FormLabs Form 1+ Laser Galvanometer Control
Despite some concerns, I've decided to poke around inside a broken FormLabs Form 1+ laser resin 3D printer while it is running. I think it'll tell me more about how it was supposed to work, because I didn't learn very much from just a roster of ICs. But it still wouldn't tell me everything, because some of its current behavior would be as intended while other behavior would be wrong because the printer is broken. And as my only example of the species, it might be hard to tell which is which.
Before I powered it up, I probed around for all the ground wires. Since the printer is powered by 24V DC delivered through a standard barrel jack, it was least easy to probe for continuity to ground. There was even an exposed pad on the main processor board labeled GND
. Knowing which wire is ground for each connector established a baseline for voltage measurements once I turned the printer on.

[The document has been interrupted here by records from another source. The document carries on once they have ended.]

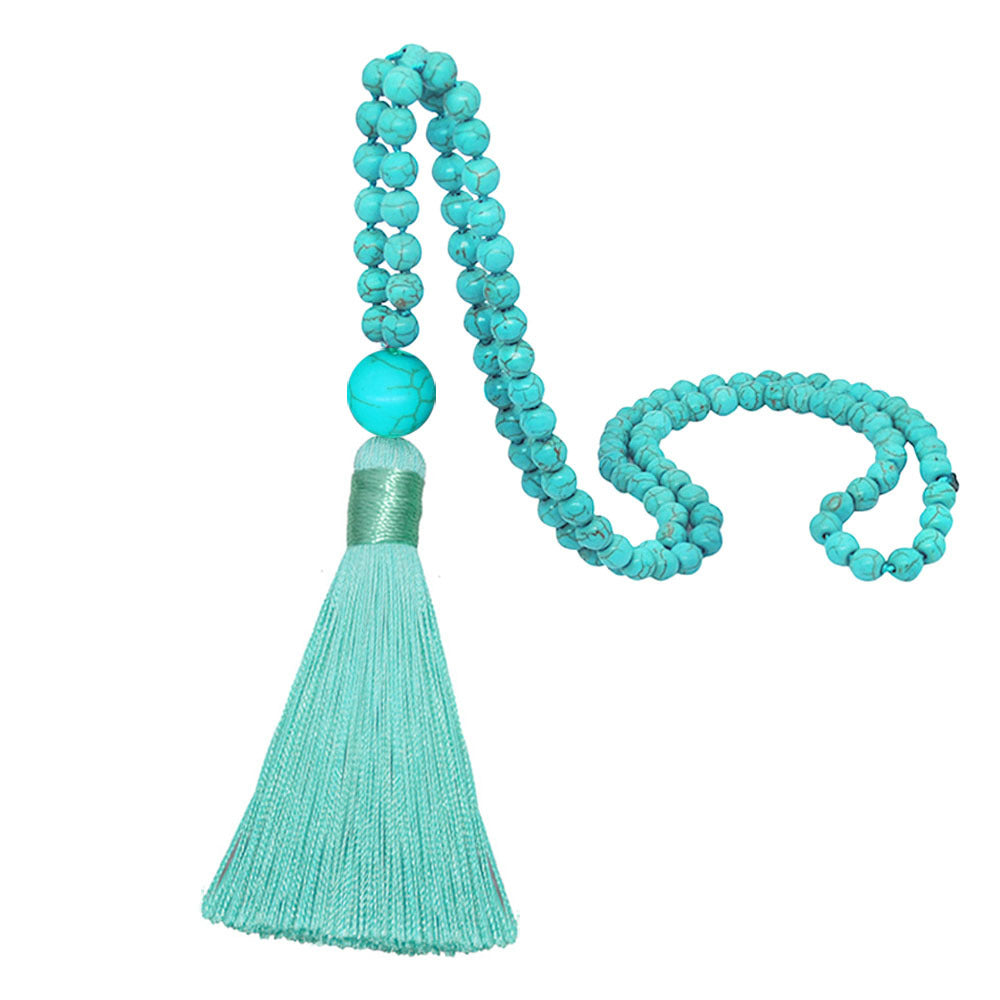 Wholesale Long Turquoise Beaded Necklace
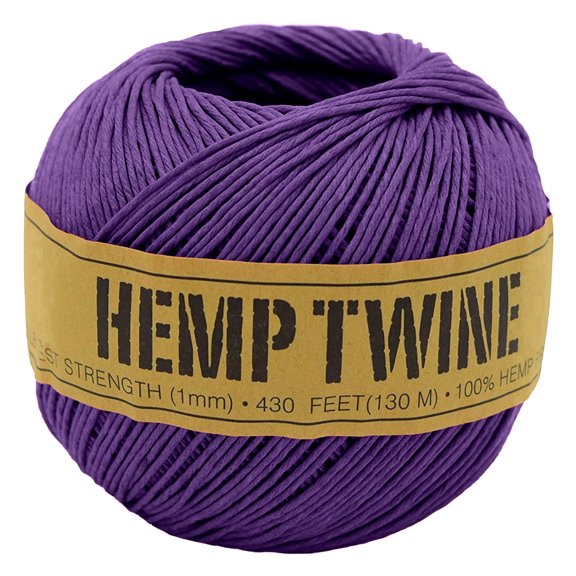 Natural 20lb Hemp Twine for DIY – 1mm Thin High Tensile Strength Twine for Cooking, Jewelry, Crafts, and Decoration – Purple, 100G/430 ft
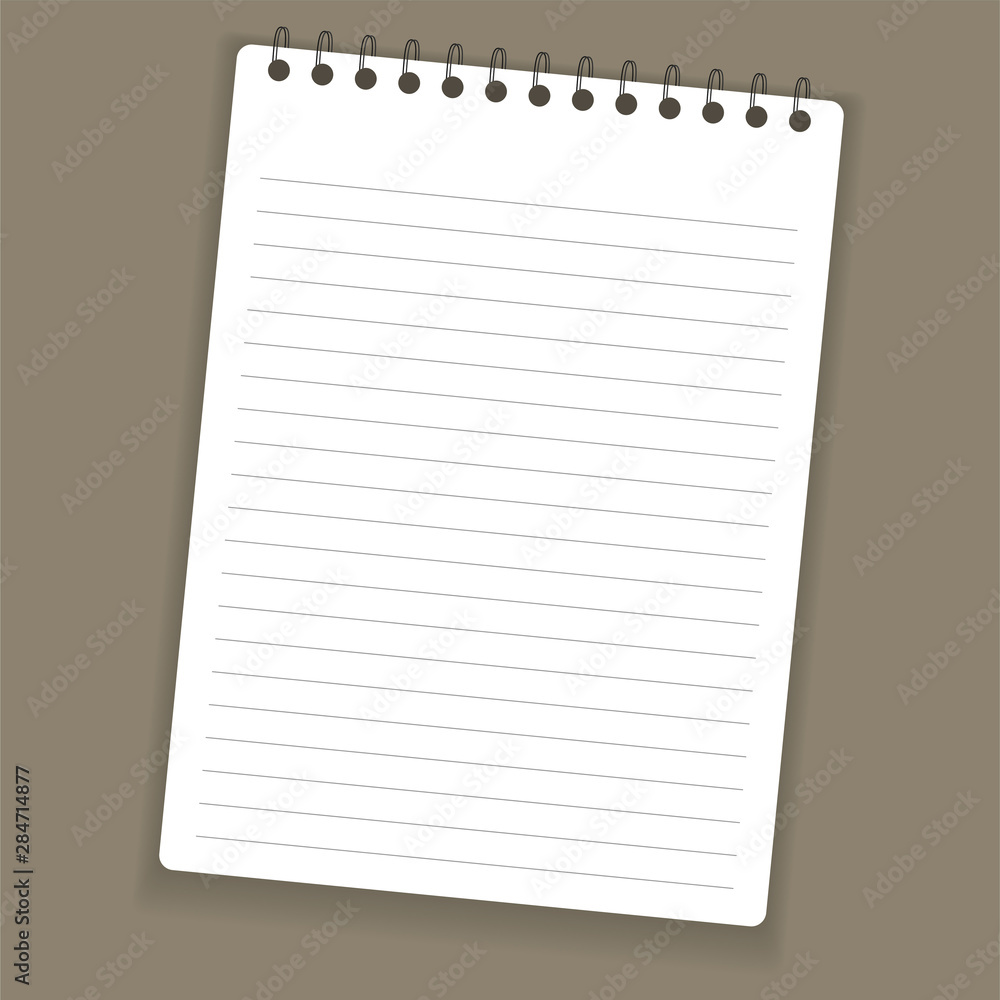 Realistic notebook or notepad with binder. Memo note pad or diary paper page templates. Vector illustration Realistic notebook or notepad with binder. Memo note pad or diary paper page templates. Vector illustration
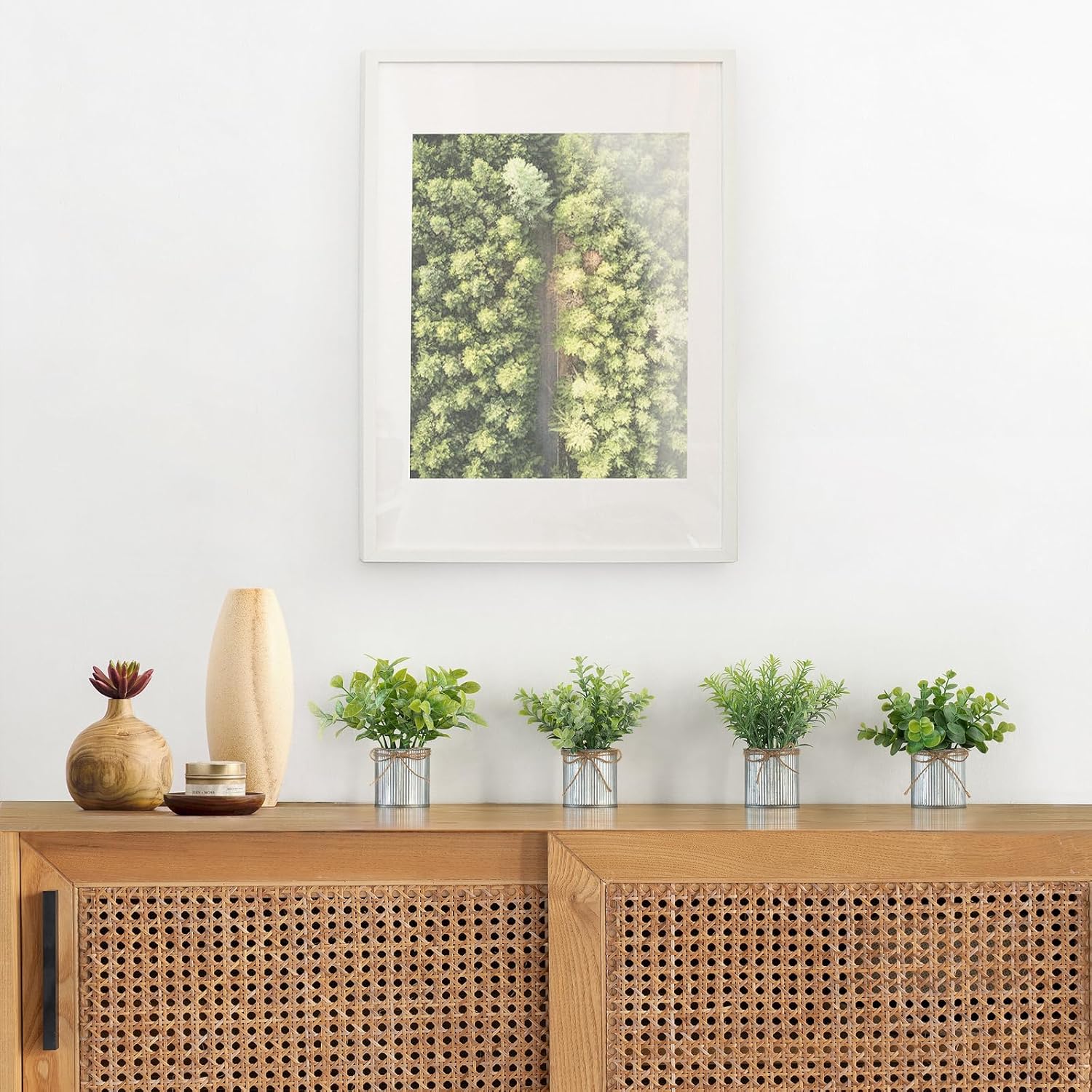 Mkono 4 Packs Small Fake Plants in Farmhouse Galvanized Pots Table Centerpiece Mini Potted Artificial Plants Faux Eucalyptus for Shelf Office Rustic Home Decor (Gray, Mini-6" H) - Image 5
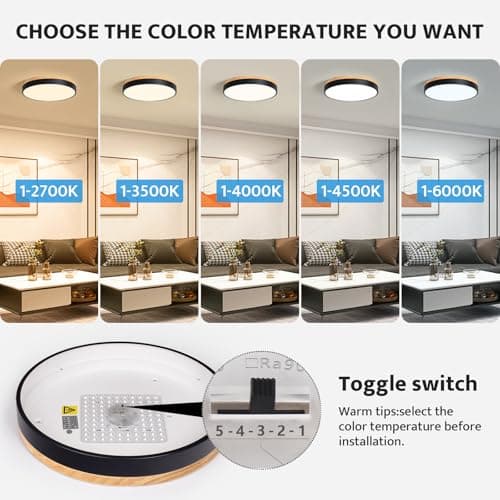Minimalist Black 15.7" Dimmable LED Oak Flush Mount Ceiling Light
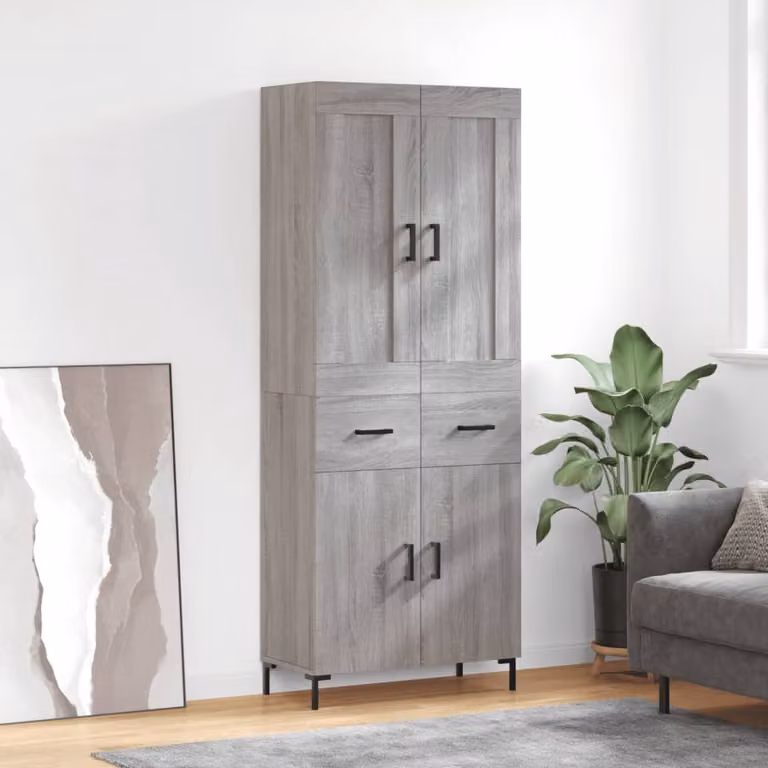 Credenza moderna vidaXL in legno multistrato e metallo, Grigio Sonoma, L: 69,5 cm, P: 34 cm, H: 180 cm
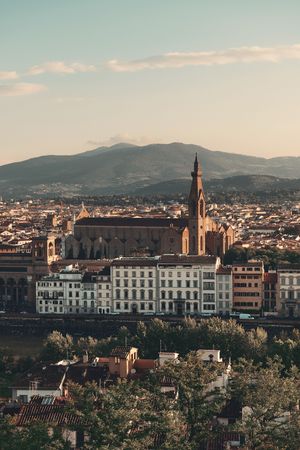 Basilica di Santa Croce is known as Temple of the Italian Glories and is the burial place for some of the most illustrious Italians. の写真素材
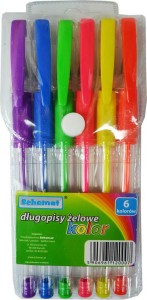 DŁUGOPISY ŻELOWE KOLOR 6 KOL. 0007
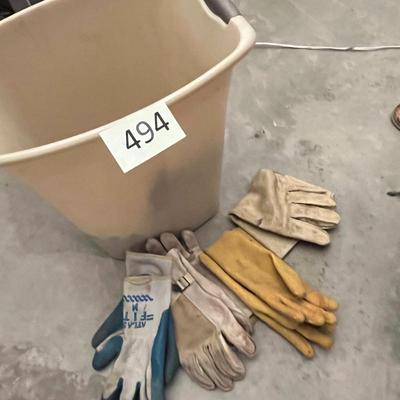 Various Work Gloves & Trash Can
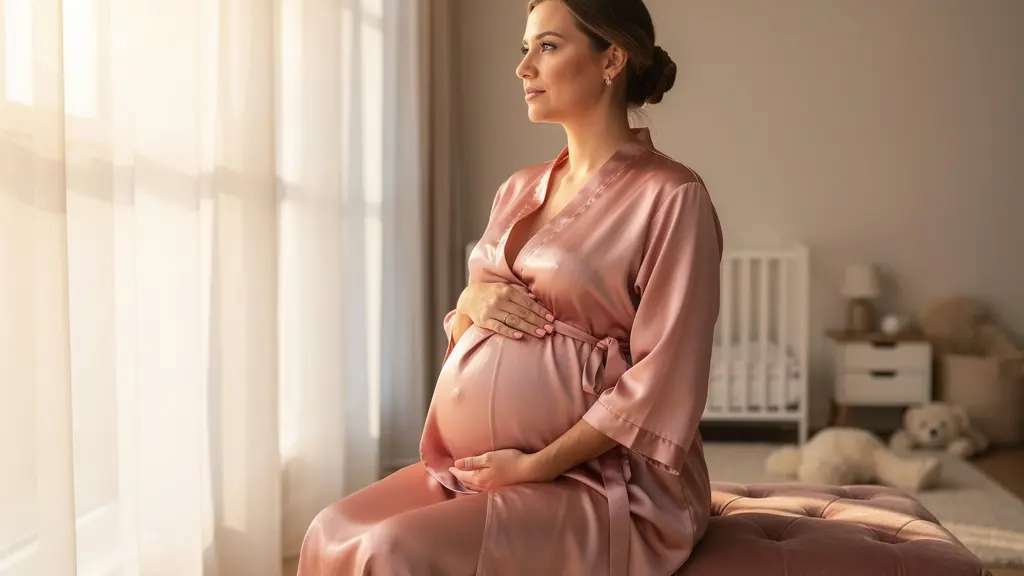 Femme enceinte en déshabillé fluide dans une lumière douce et naturelle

The first surprise was on the GALVO POWER
connector. It had three wires colored red, black, and purple. Black was known to be ground. Red was expected to be +24V DC, which was confirmed. I didn't know what to expect for purple, and it turned out to be -24V DC. Negative voltage! Something I rarely see but it would be consistent with the presence of a ST Micro L79 negative voltage regulator delivering -15V. Which is a mirror match for the L78 positive regulator taking +24V DC and delivering +15V DC. Separately there is an On Semi NCP1117 delivering 3.3V for digital logic.
As for GALVO SIGNAL
, it had three wires colored black, white, and red. Again I knew black was ground from earlier probing. Once the system was powered on, I saw white wire voltage stayed pretty consistent at 2.5V DC. The red wire was where interesting things happened: It varied between 0V to 5V relative to ground (or -2.5V to +2.5V relative to white wire) while this printer went through the motion of printing, blissfully unaware its galvanometer control system was fried. Plotting X and Y galvo signals against each other on my oscilloscope's XY mode, it sure looks like a laser draw path. That is, as long as we ignore that diagonal noise I blame on my beginner level oscilloscope skill. Anyway, noise aside, it shows this 0-5V (Or -2.5 to +2.5V) analog voltage is how mainboard commands galvo position. This scorched control board couldn't translate those commands into galvanometer movement, but I wanted to see if anything is getting to those galvanometers at all.